● **INFORMATION SUPPLIED**
>>>
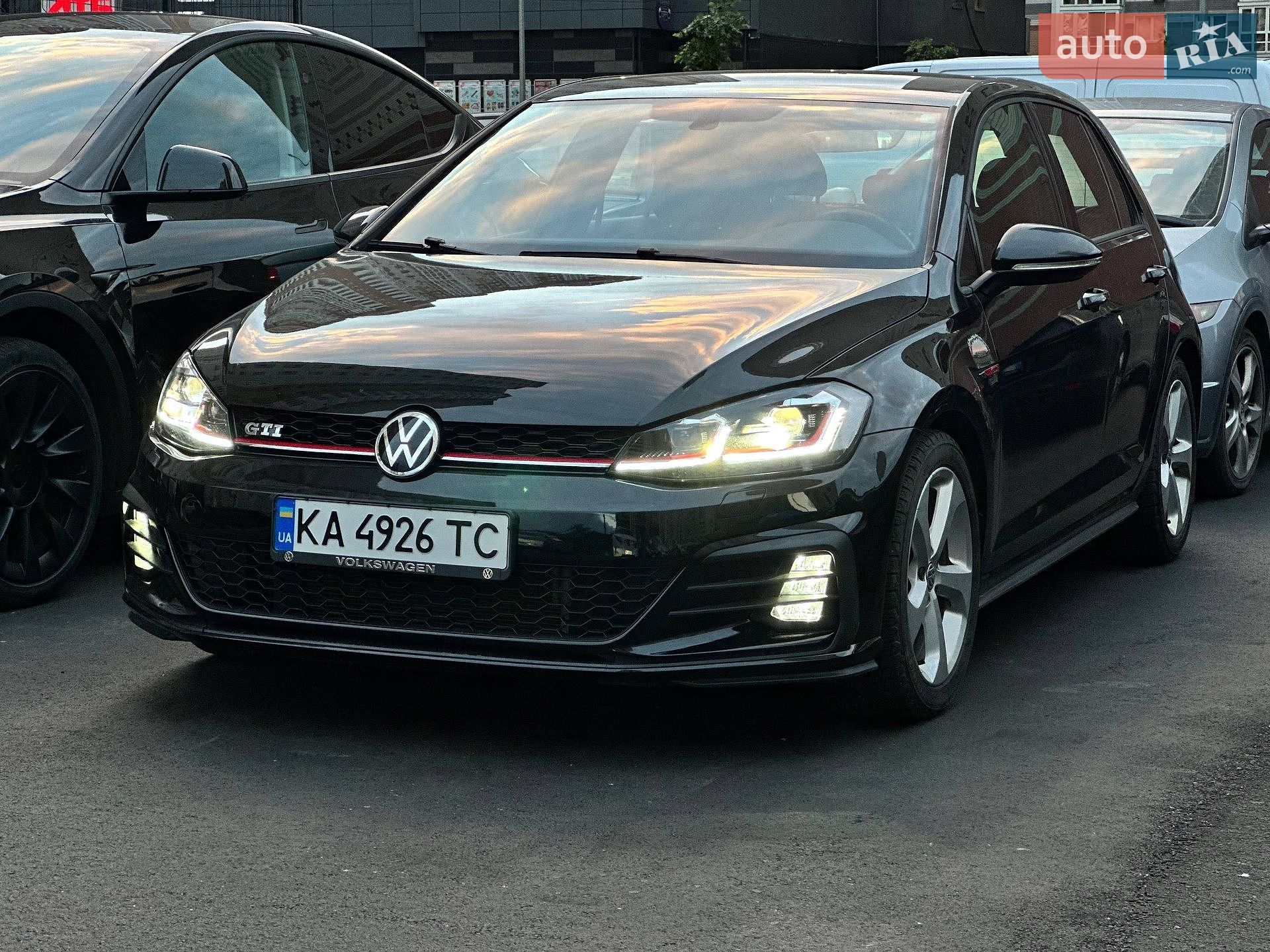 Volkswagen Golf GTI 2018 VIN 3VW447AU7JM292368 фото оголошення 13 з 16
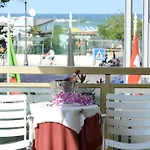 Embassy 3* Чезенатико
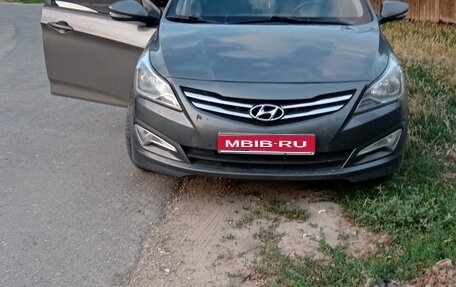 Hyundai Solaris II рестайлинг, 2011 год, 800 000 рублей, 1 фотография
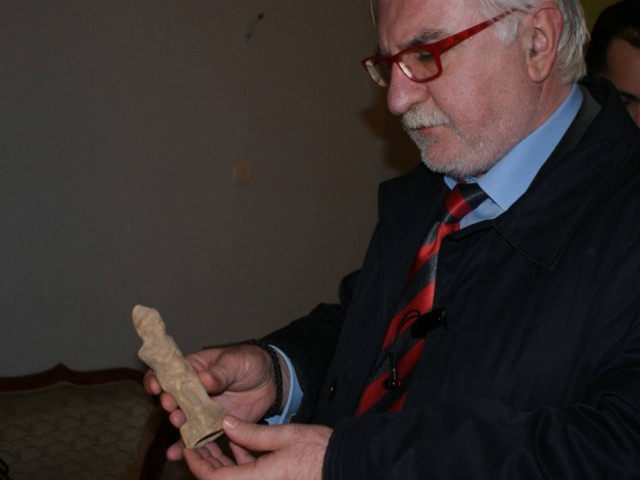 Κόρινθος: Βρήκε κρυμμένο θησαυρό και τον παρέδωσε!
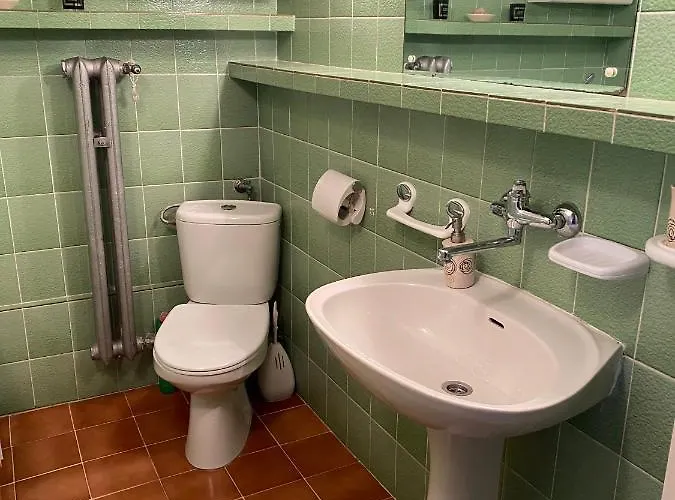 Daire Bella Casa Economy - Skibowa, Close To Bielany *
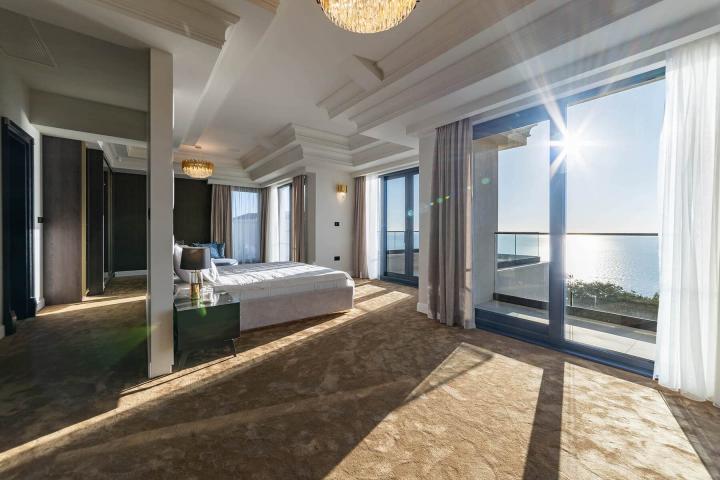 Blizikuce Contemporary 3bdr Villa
<<<
>>>
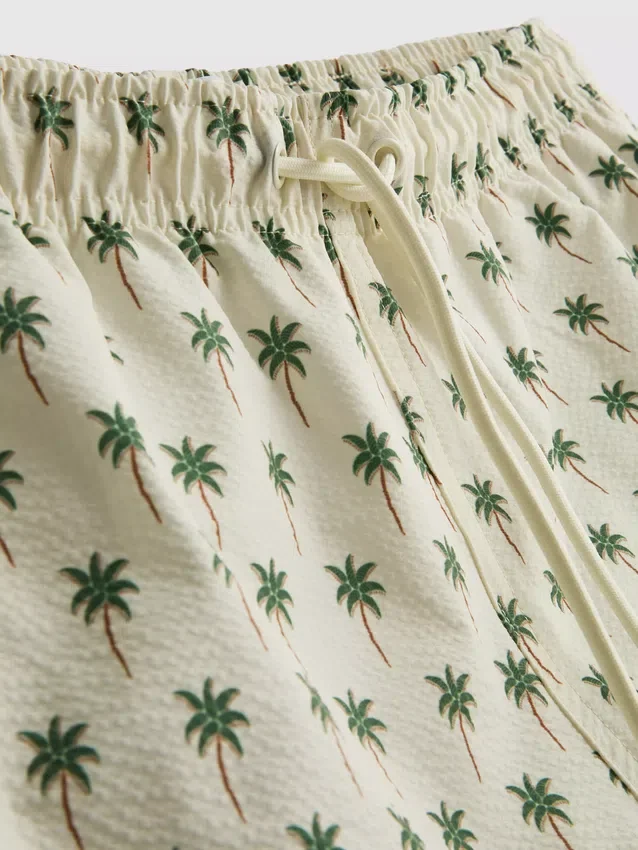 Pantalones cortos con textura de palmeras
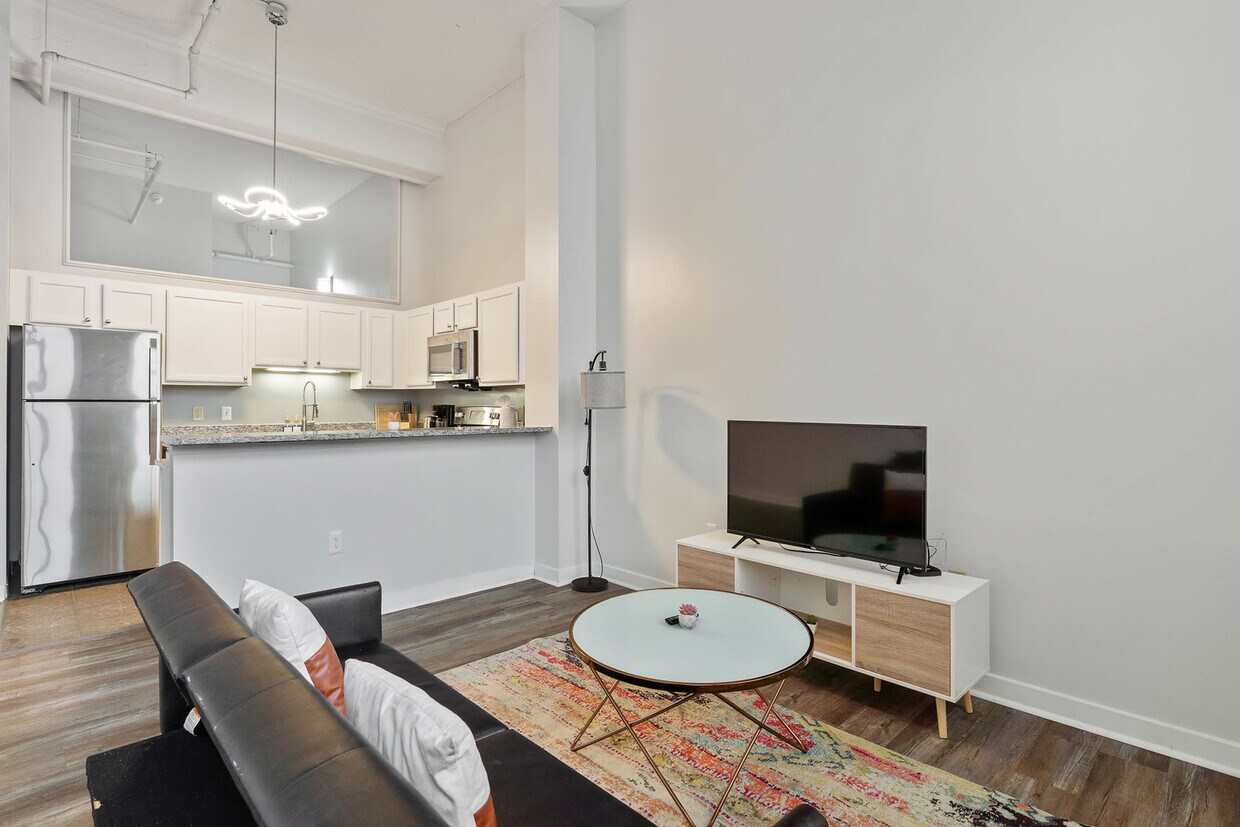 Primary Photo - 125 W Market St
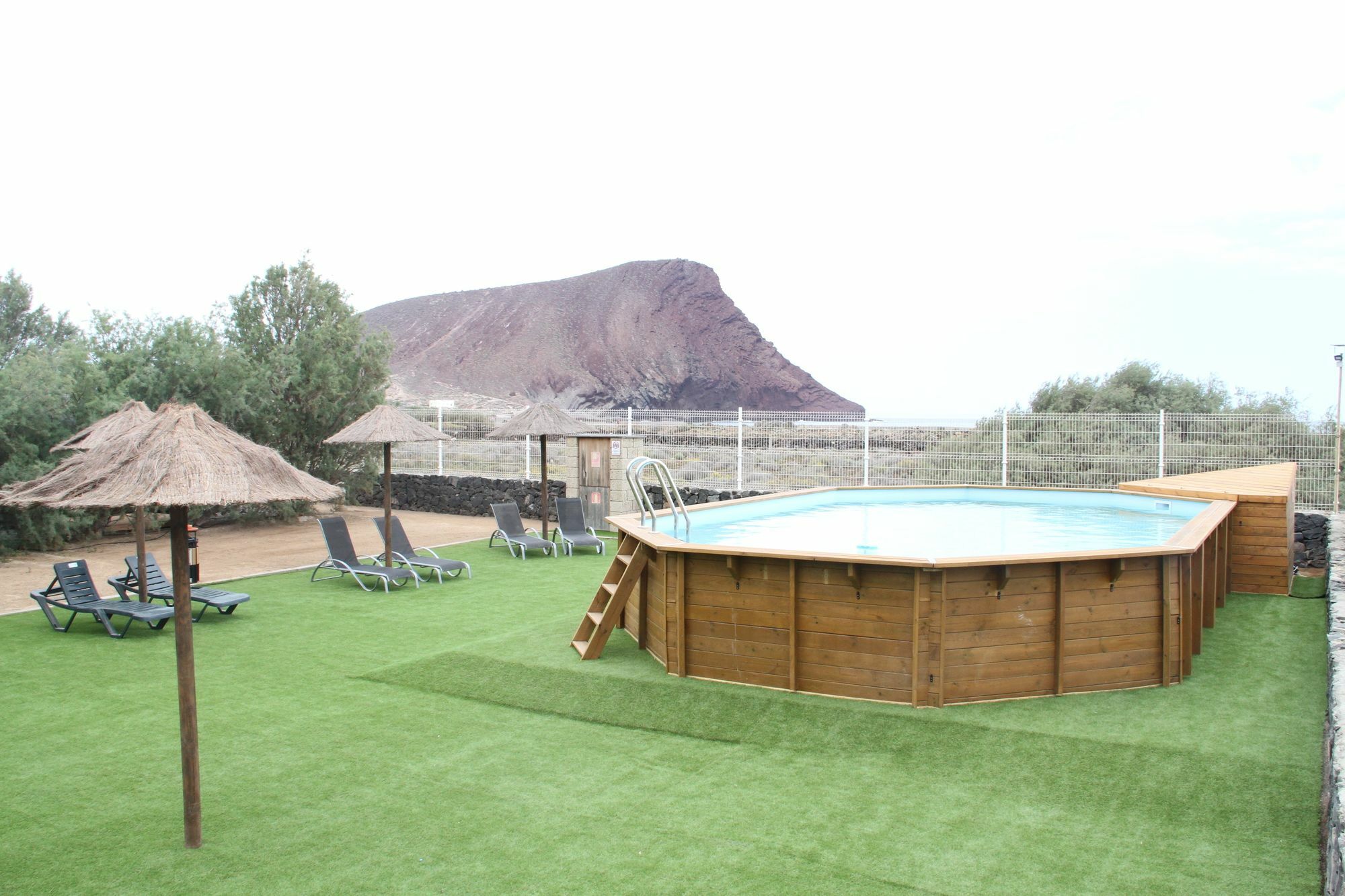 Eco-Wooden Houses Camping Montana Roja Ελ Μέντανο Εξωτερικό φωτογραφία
<<<
>>>
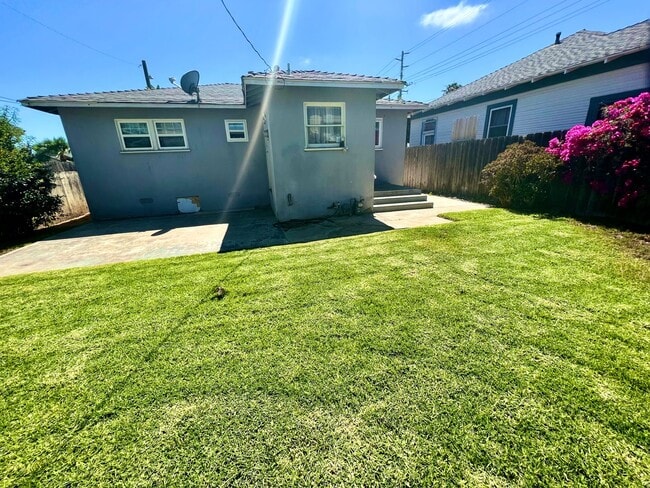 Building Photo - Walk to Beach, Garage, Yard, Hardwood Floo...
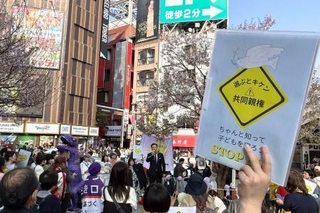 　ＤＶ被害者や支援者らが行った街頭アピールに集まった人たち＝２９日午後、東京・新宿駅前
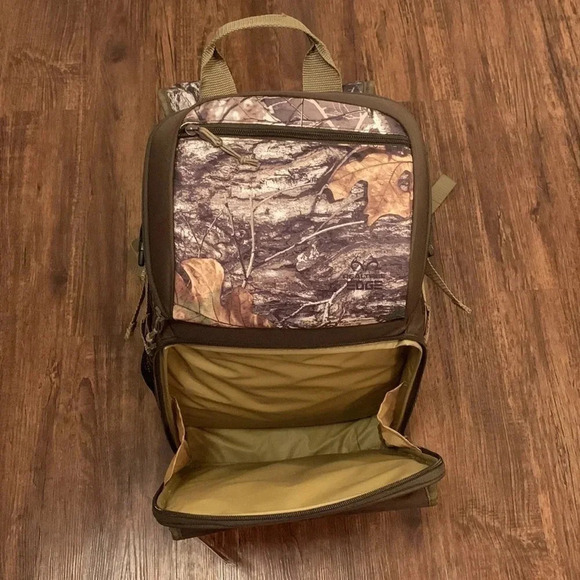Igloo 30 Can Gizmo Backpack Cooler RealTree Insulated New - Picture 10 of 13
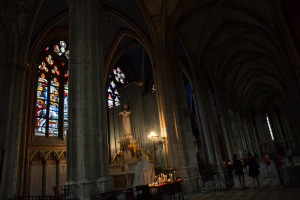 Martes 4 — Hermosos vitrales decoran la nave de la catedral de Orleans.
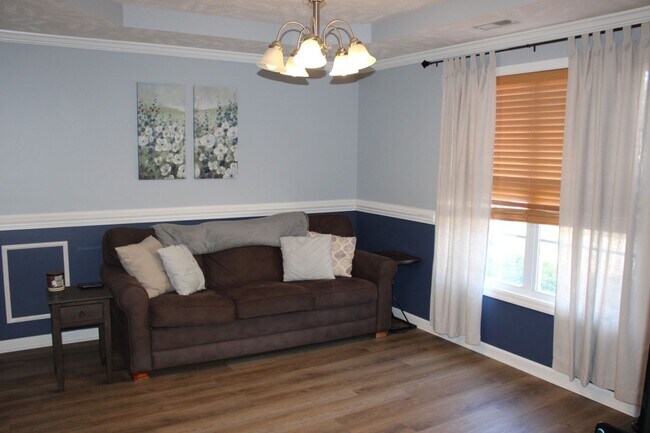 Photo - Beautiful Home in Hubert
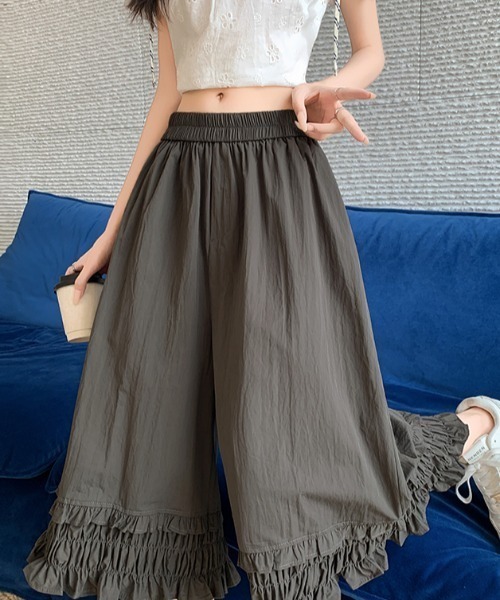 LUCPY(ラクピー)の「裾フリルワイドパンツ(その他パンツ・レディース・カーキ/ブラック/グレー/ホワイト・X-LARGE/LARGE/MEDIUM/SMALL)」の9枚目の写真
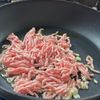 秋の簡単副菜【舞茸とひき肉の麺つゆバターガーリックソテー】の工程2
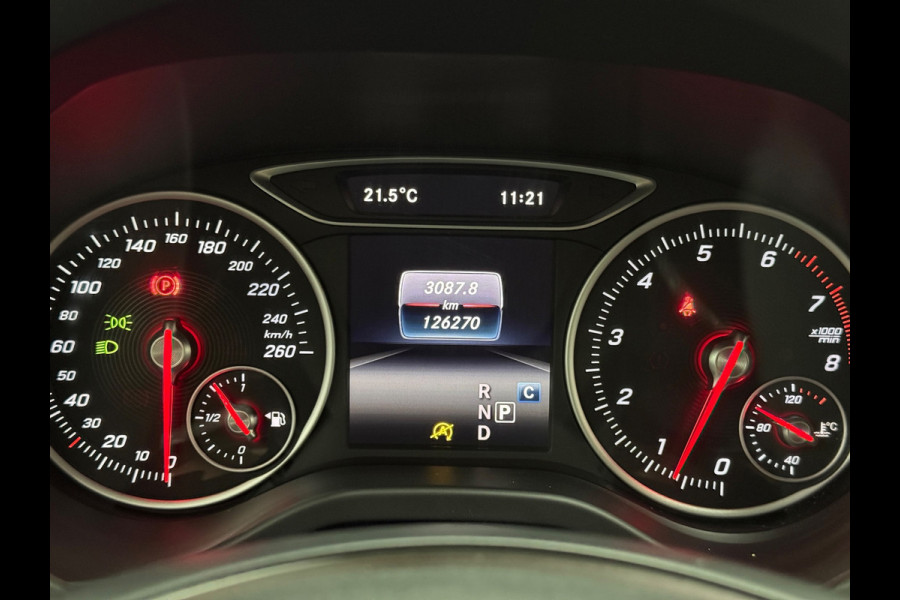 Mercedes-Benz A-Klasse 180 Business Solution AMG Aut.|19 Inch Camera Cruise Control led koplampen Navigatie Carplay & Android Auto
<<<
● **PROBLEM STATEMENT**
Line for line, output the entries above from the line with "Daire Bella Casa" to the line with "Blizikuce Contemporary 3bdr Villa", both included, and nothing more. Skip pictures.

● **TASK OUTPUT**
 Daire Bella Casa Economy - Skibowa, Close To Bielany *
 Blizikuce Contemporary 3bdr Villa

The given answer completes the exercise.